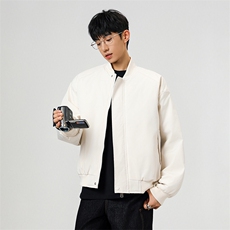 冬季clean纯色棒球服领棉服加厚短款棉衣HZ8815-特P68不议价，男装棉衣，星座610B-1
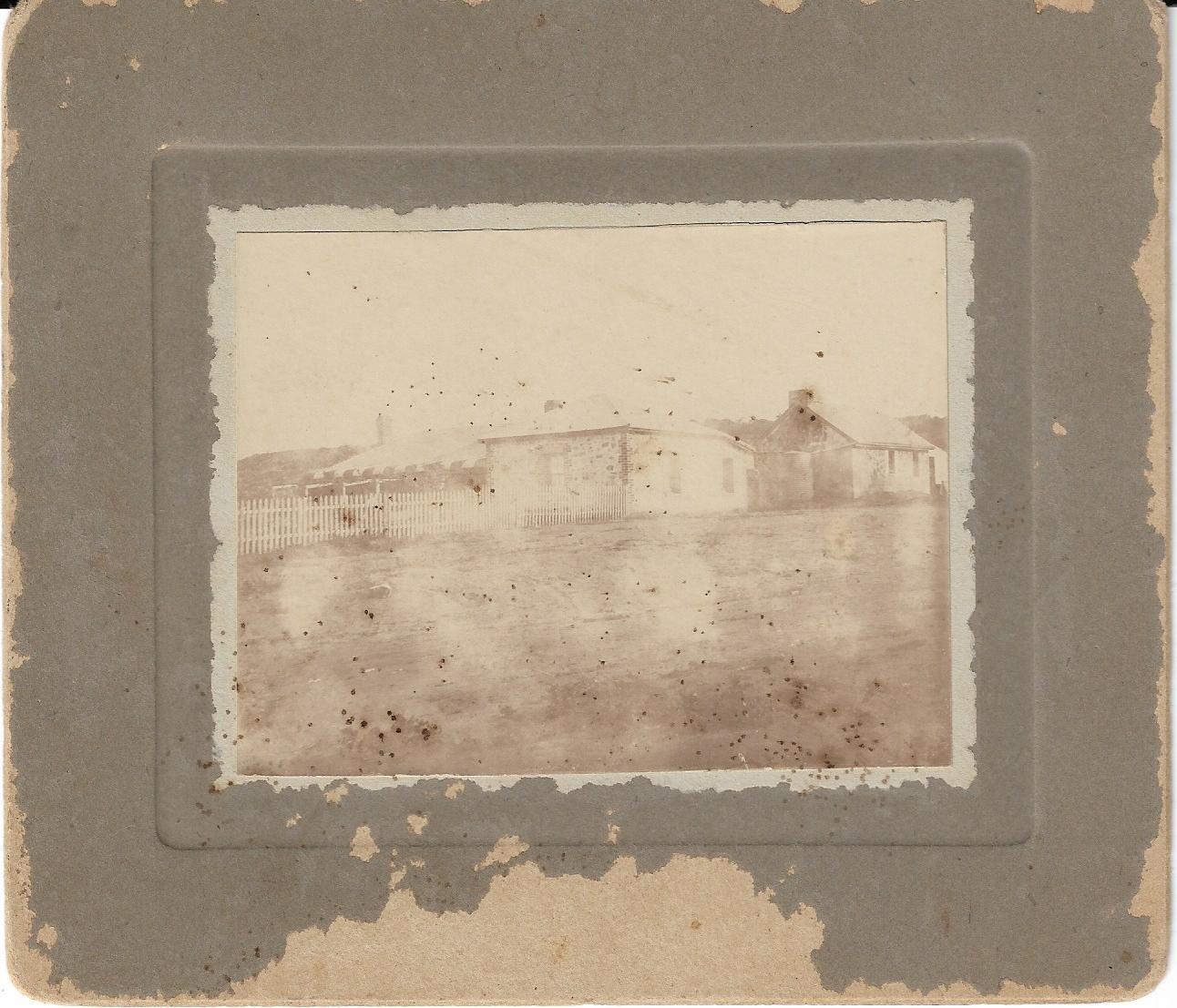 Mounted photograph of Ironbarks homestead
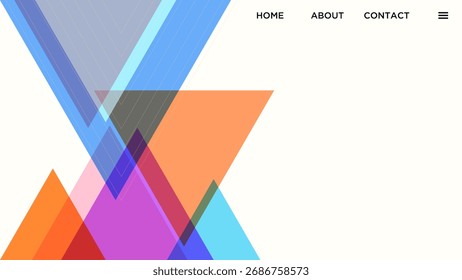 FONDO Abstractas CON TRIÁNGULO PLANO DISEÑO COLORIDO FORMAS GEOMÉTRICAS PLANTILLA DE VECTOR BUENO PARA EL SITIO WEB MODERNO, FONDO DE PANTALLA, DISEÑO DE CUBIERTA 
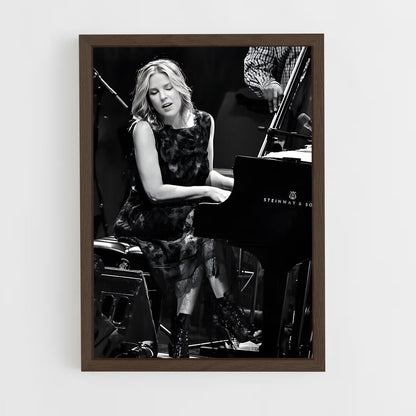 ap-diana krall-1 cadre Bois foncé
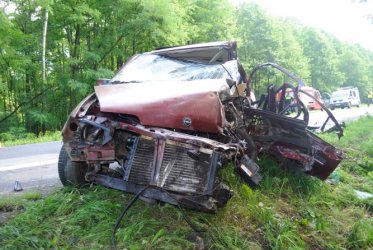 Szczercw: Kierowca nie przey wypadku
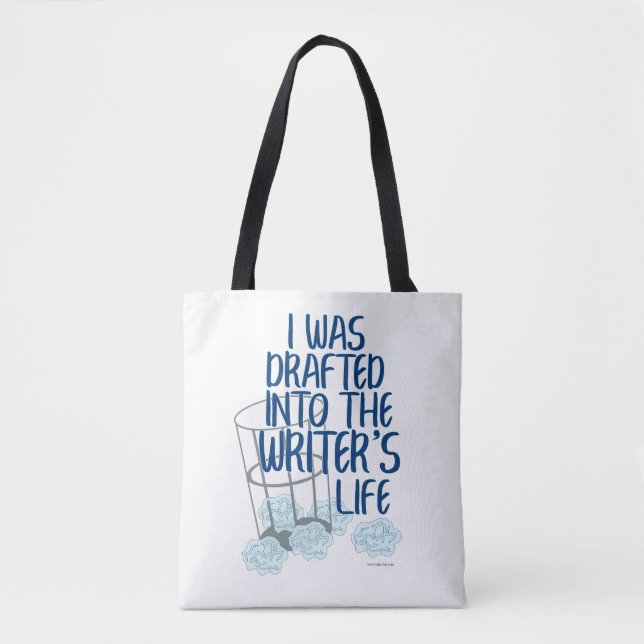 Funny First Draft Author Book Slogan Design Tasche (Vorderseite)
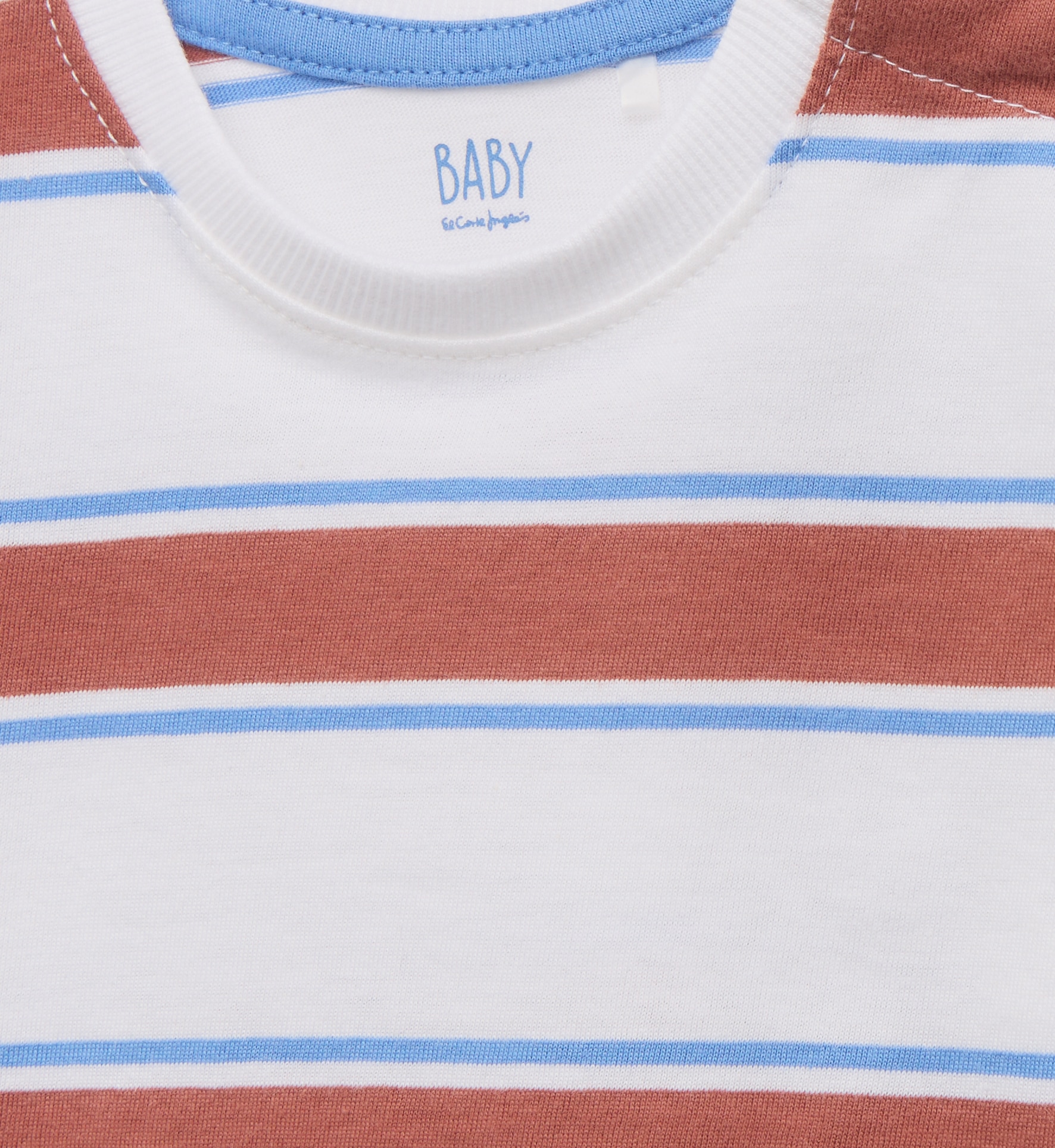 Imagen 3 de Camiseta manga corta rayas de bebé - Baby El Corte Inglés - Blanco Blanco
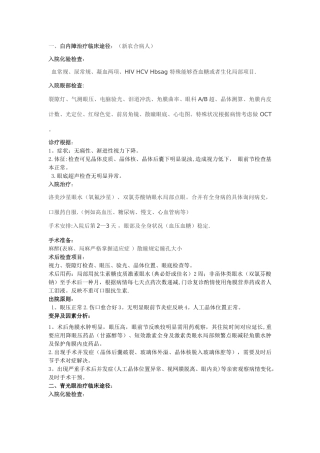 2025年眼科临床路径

--

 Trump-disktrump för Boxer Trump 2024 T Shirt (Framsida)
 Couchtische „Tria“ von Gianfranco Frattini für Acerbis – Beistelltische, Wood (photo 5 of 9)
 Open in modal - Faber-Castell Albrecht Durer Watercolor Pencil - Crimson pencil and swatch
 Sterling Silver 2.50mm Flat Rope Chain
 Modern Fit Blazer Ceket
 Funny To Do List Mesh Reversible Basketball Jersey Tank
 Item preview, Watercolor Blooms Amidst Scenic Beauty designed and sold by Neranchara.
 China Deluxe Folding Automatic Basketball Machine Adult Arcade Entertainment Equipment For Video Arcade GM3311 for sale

* **Action item**
The line holding "Mounted photograph of Ironbarks homestead" starts the copy and the line holding "Szczercw: Kierowca nie przey wypadku" ends it. Repeat those two lines above and all between them exactly, leaving out pictures.

* **Solution for this task**
 Mounted photograph of Ironbarks homestead
 FONDO Abstractas CON TRIÁNGULO PLANO DISEÑO COLORIDO FORMAS GEOMÉTRICAS PLANTILLA DE VECTOR BUENO PARA EL SITIO WEB MODERNO, FONDO DE PANTALLA, DISEÑO DE CUBIERTA 
 ap-diana krall-1 cadre Bois foncé
 Szczercw: Kierowca nie przey wypadku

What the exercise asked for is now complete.